WORK REQUEST -> In the data below, repeat the line containing "Francja, Napoleon III, 10" and every following line exactly, up to and including the last line. Exclude pictures.

EXERCISE DATA ->
________________________

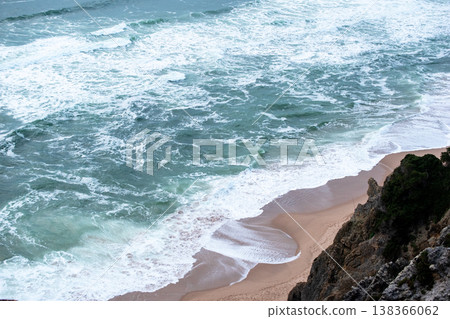 Waves Breaking on Cliff Beach During Bright Day Waves Breaking on Cliff Beach During Bright Day 138366062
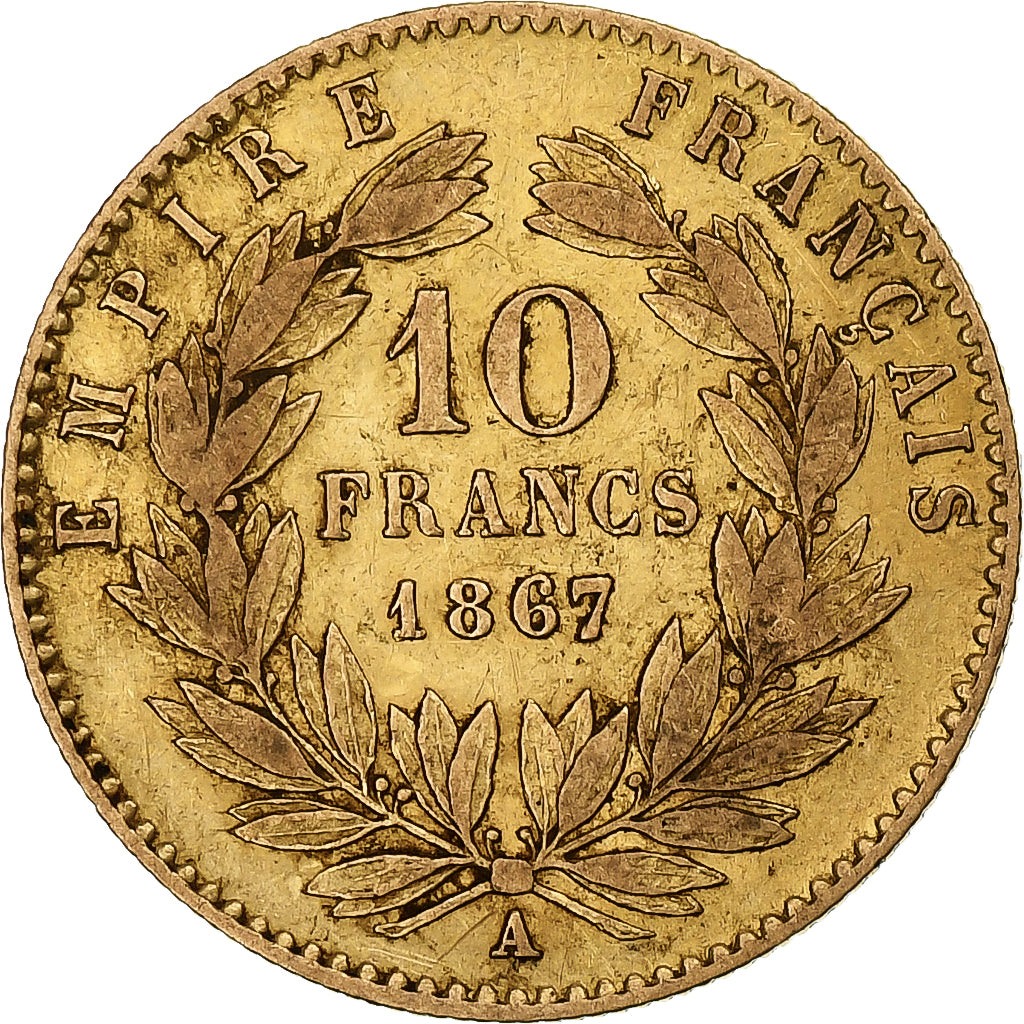 Francja, Napoleon III, 10 Francs, 1867, Paris, Złoto, VF(30-35), Gadoury:1015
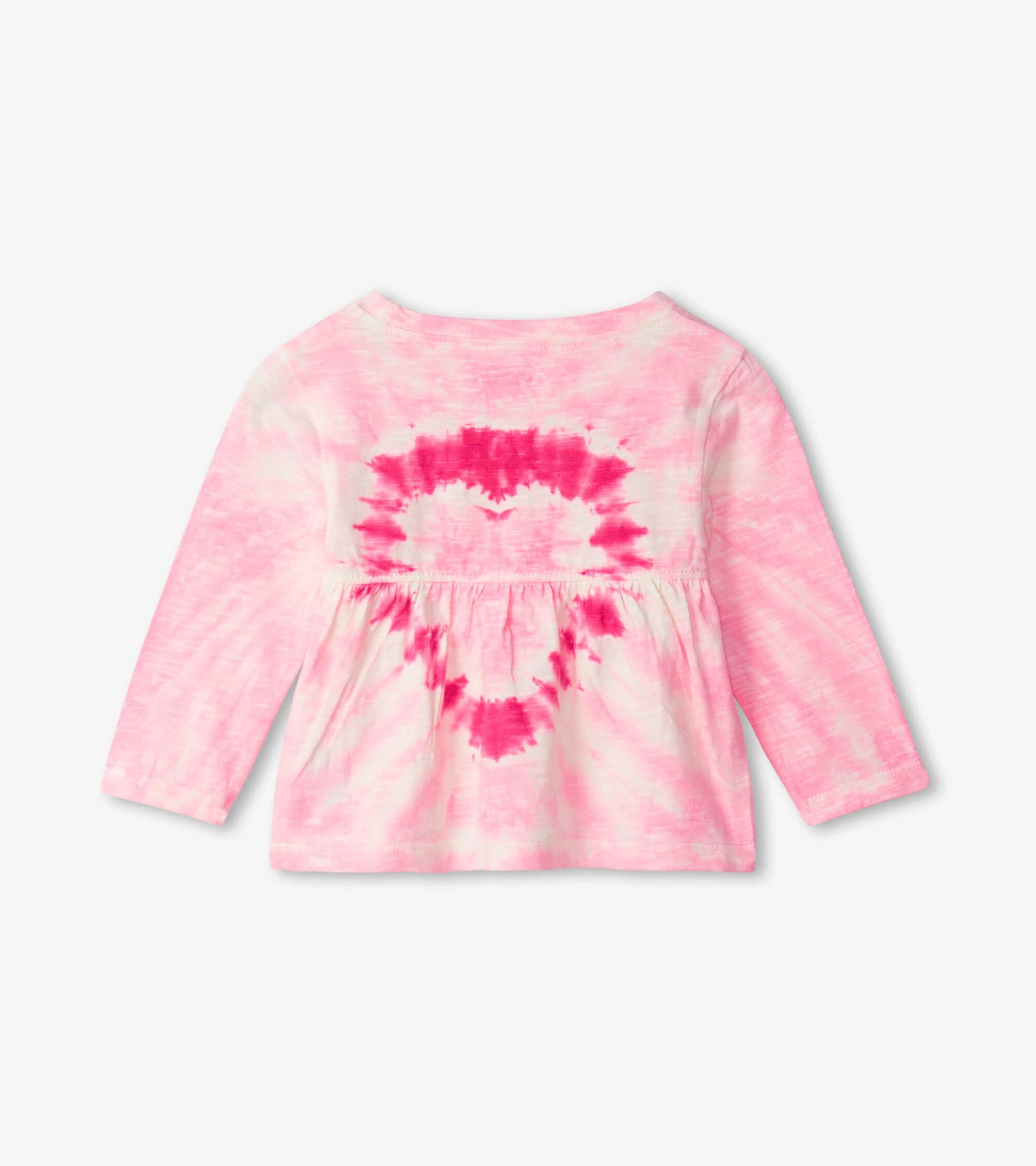 Long sleeve baby tee in pink tie-dye with a heart pattern on the back, made from soft, lightweight fabric.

________________________

EXERCISE RESULT ->
 Francja, Napoleon III, 10 Francs, 1867, Paris, Złoto, VF(30-35), Gadoury:1015
 Long sleeve baby tee in pink tie-dye with a heart pattern on the back, made from soft, lightweight fabric.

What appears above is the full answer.